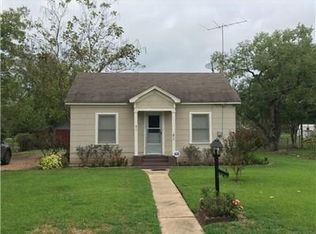 917 2nd St, Sealy, TX 77474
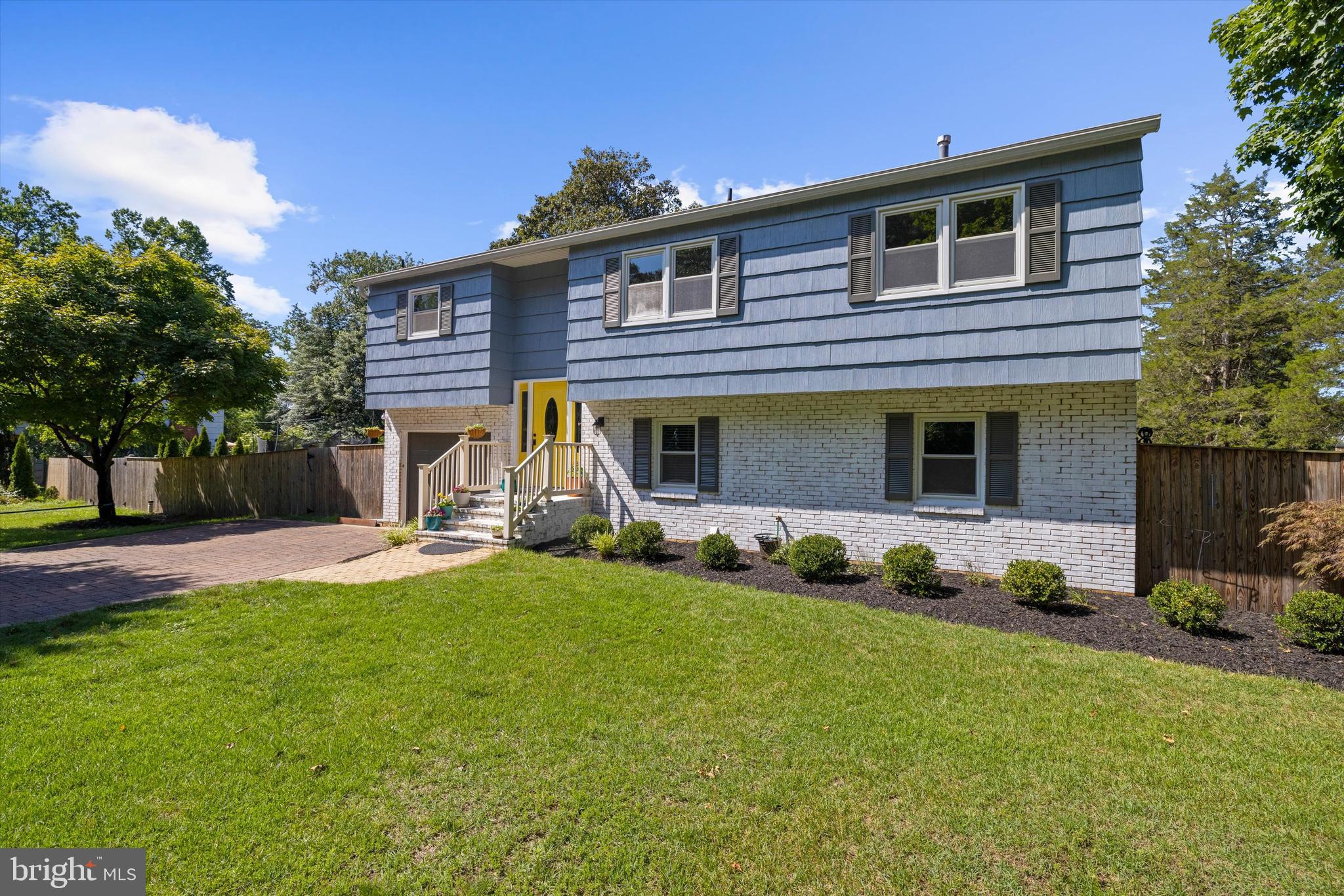 TWIN HARBORS - Residential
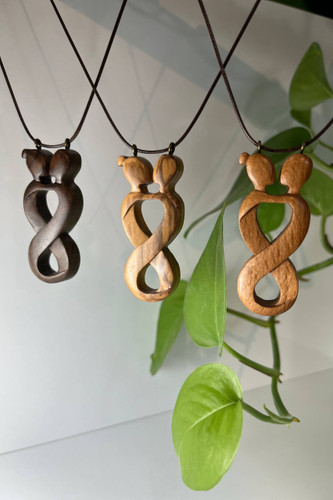 گردنبند چوبی آغوش یار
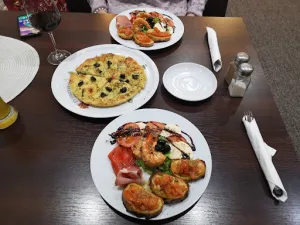 Pizzeria Come Prima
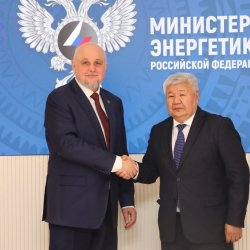 Сергей Цивилев жана министр Таалайбек Ибраев энергетикалык кызматташтыкты талкуулашты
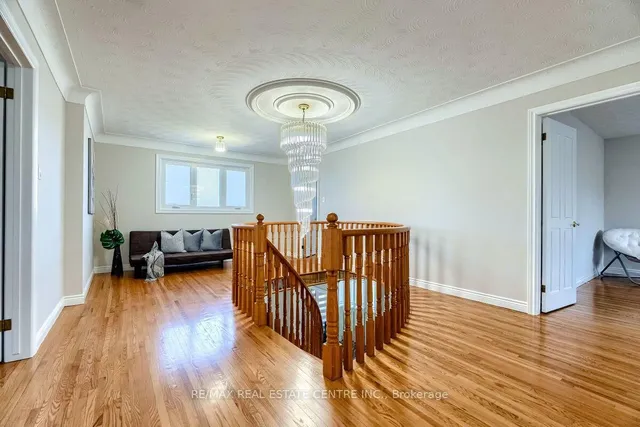 Additional image 18 of 16 Vogue Crt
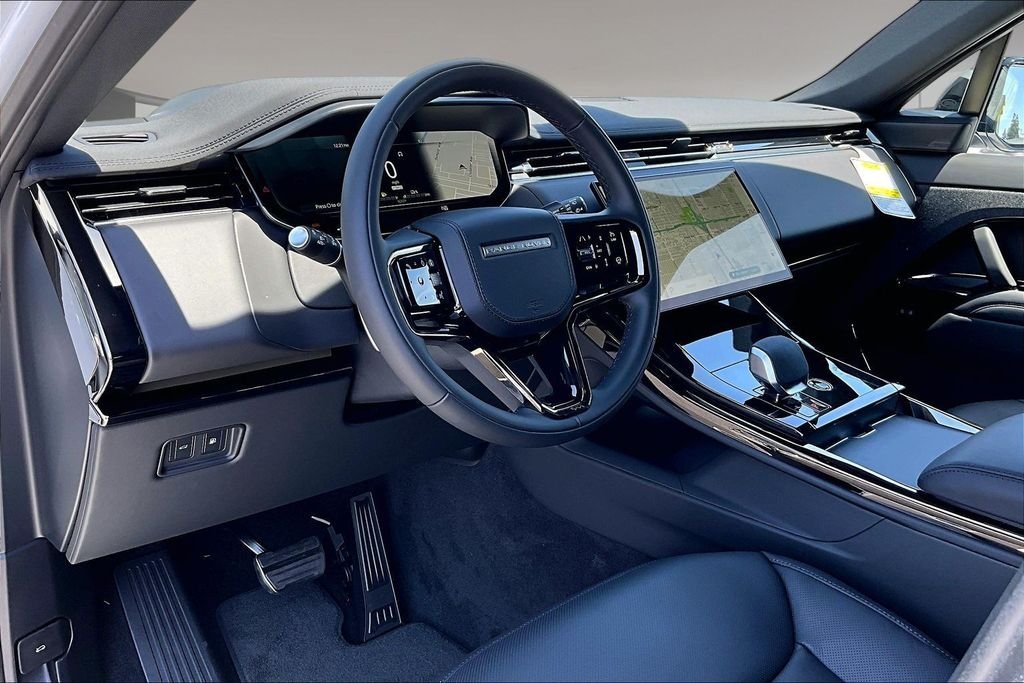 New 2026 FUJI WHITE Land Rover Dynamic SE image 7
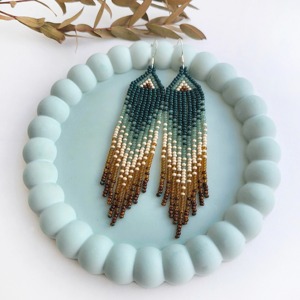 Boucles d'oreilles pendantes exclusives faites à la main avec breloques perlées, bijoux classiques en turquoise pour femmes au meilleur prix, boucles d'oreilles à perles pour femmes - Product Image 3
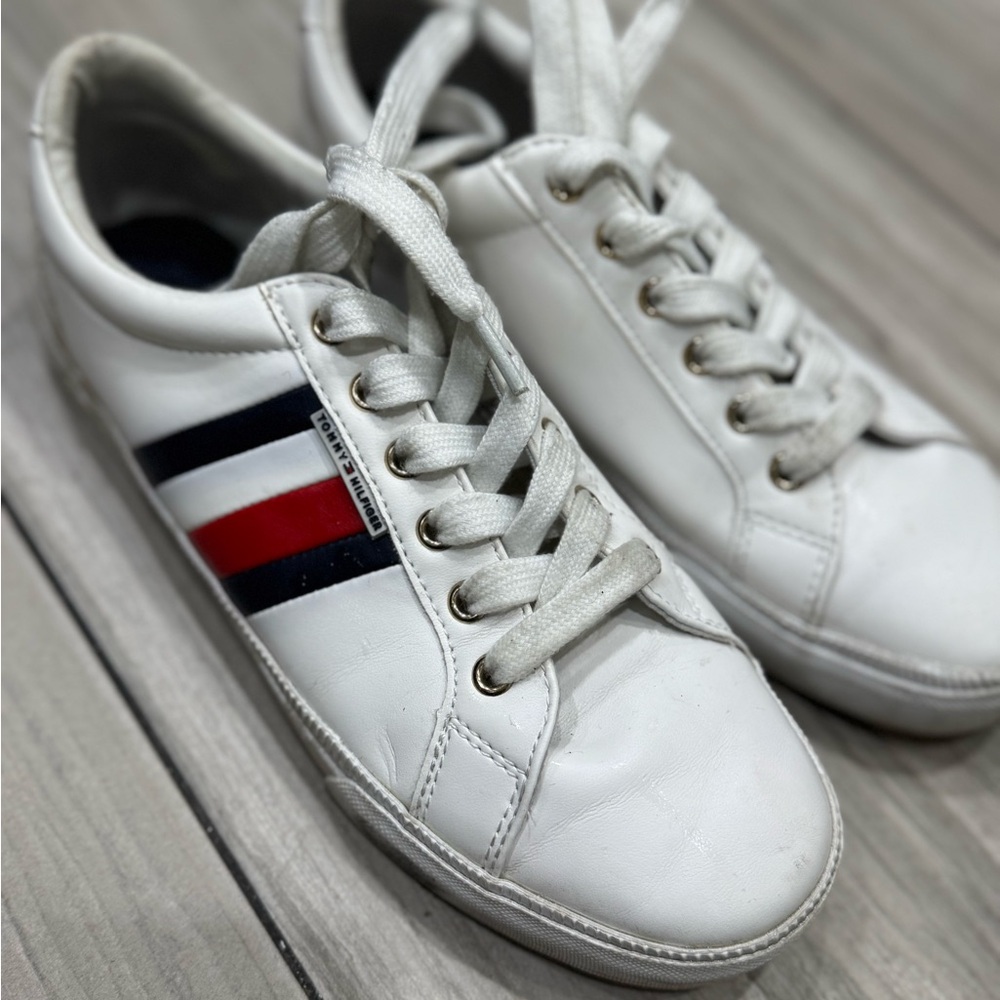 Tommy Hilfiger White Sneakers with Navy and Red Accents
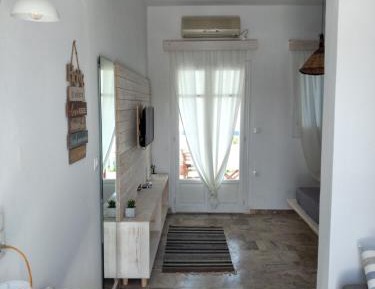Studio Apartment with Sea View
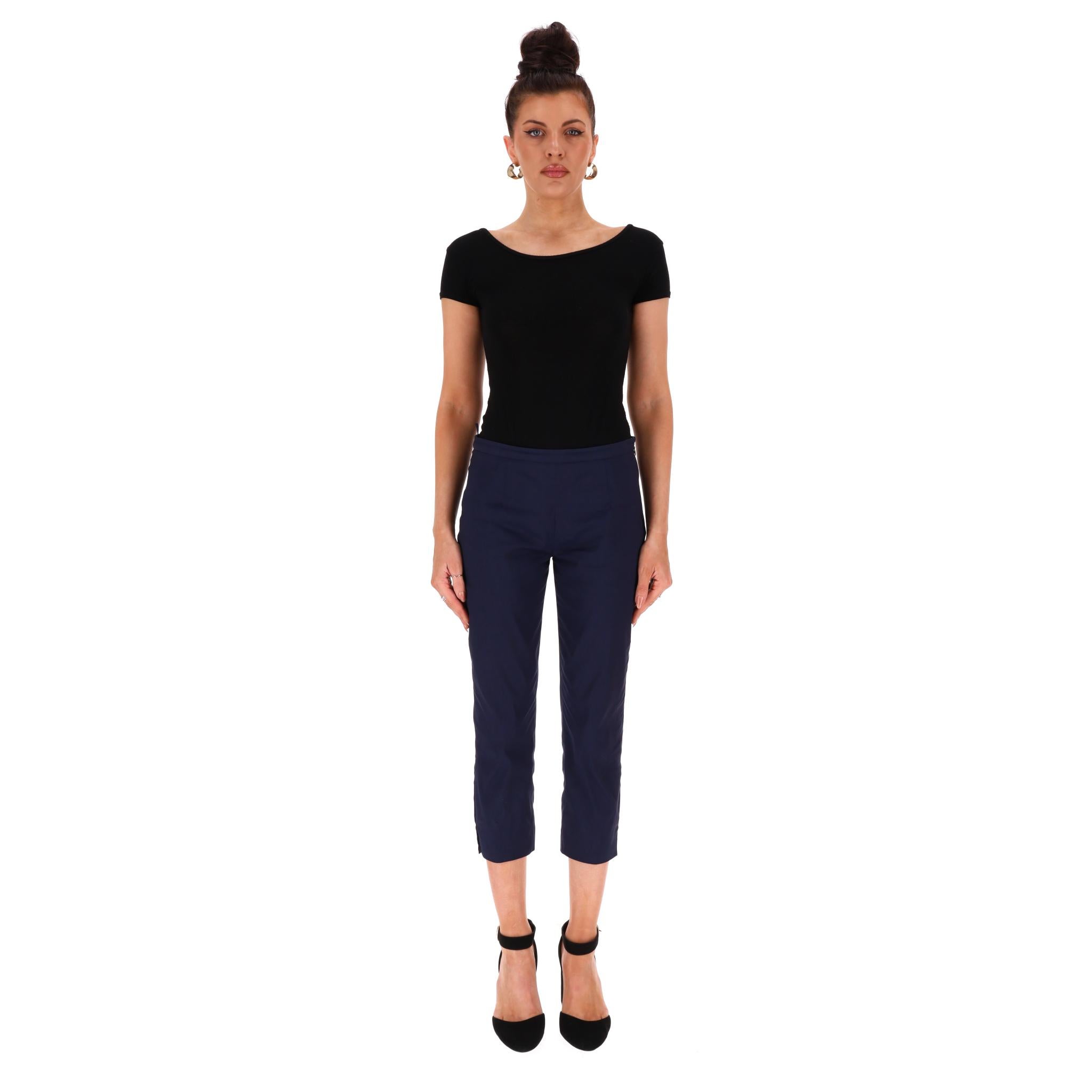 Pantalones de algodón Prada Slim-Fit Cropped

Pantalón azul marino diseñado con una pernera estrecha y recortada.

Con cremallera lateral, bolsillos y el característico logotipo del triángulo en la parte trasera.

Precio aprox. 970

Talla -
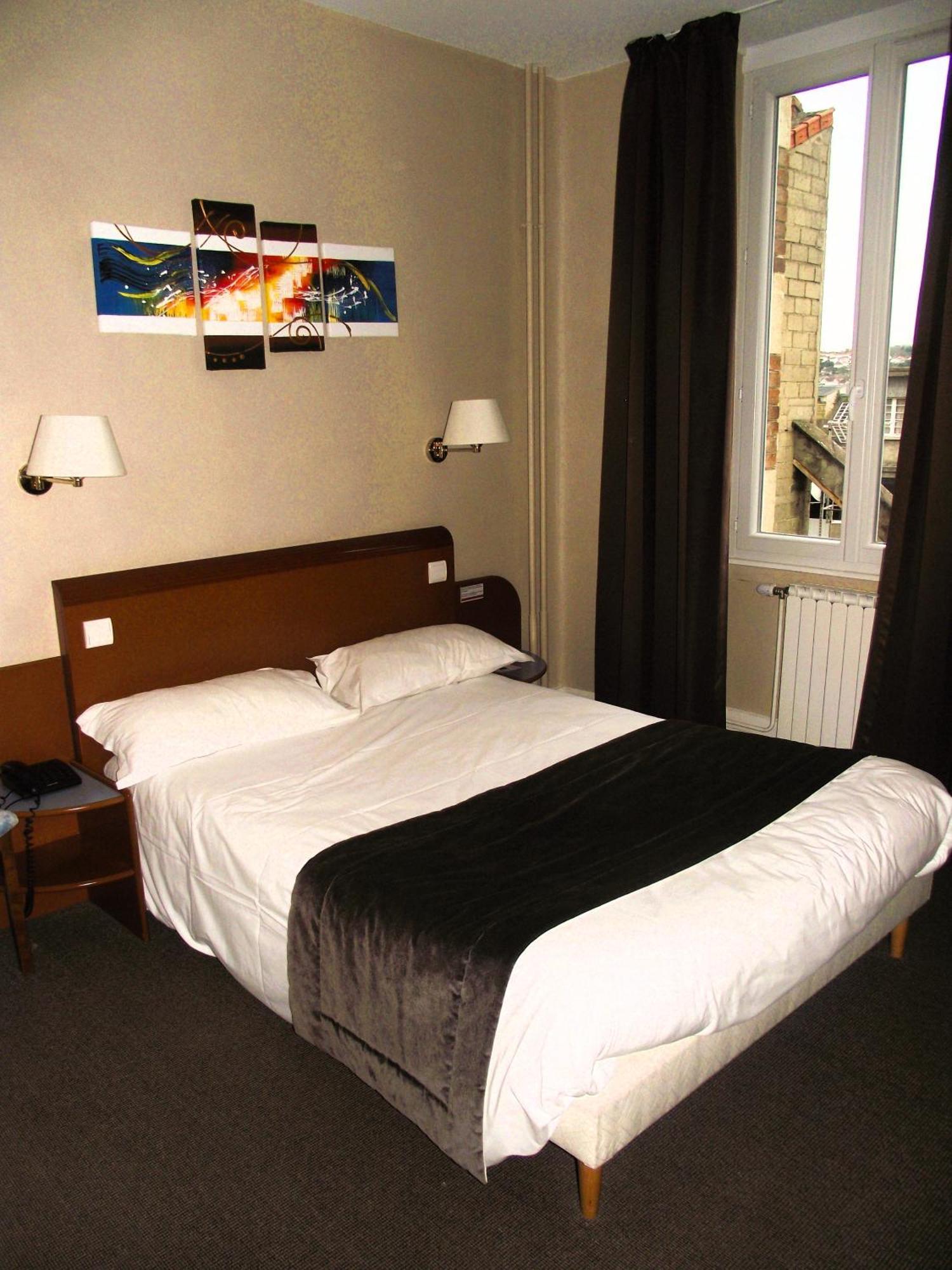 Logis Hotel Des Bourbons Montluçon Kültér fotó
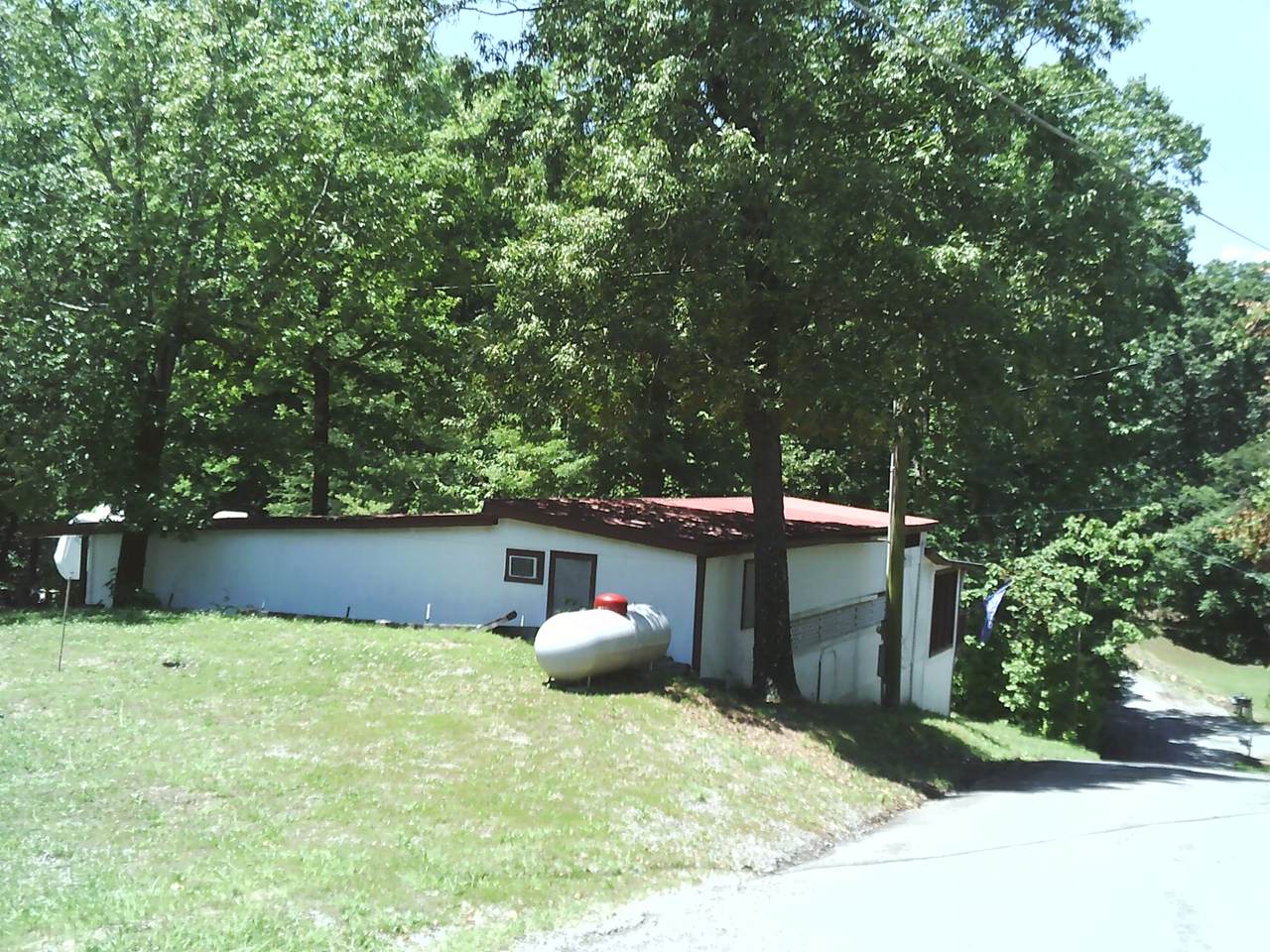 907 Brownfield Rd - Photo 1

────────────────────────────────────────

# INSTRUCTIONS TO FOLLOW
Starting with the line that contains "Сергей Цивилев жана", print every remaining line of the records above, exactly as it stands. Do not print the pictures.

# PROBLEM SOLUTION
 Сергей Цивилев жана министр Таалайбек Ибраев энергетикалык кызматташтыкты талкуулашты
 Additional image 18 of 16 Vogue Crt
 New 2026 FUJI WHITE Land Rover Dynamic SE image 7
 Boucles d'oreilles pendantes exclusives faites à la main avec breloques perlées, bijoux classiques en turquoise pour femmes au meilleur prix, boucles d'oreilles à perles pour femmes - Product Image 3
 Tommy Hilfiger White Sneakers with Navy and Red Accents
Studio Apartment with Sea View
 Pantalones de algodón Prada Slim-Fit Cropped

Pantalón azul marino diseñado con una pernera estrecha y recortada.

Con cremallera lateral, bolsillos y el característico logotipo del triángulo en la parte trasera.

Precio aprox. 970

Talla -
 Logis Hotel Des Bourbons Montluçon Kültér fotó
 907 Brownfield Rd - Photo 1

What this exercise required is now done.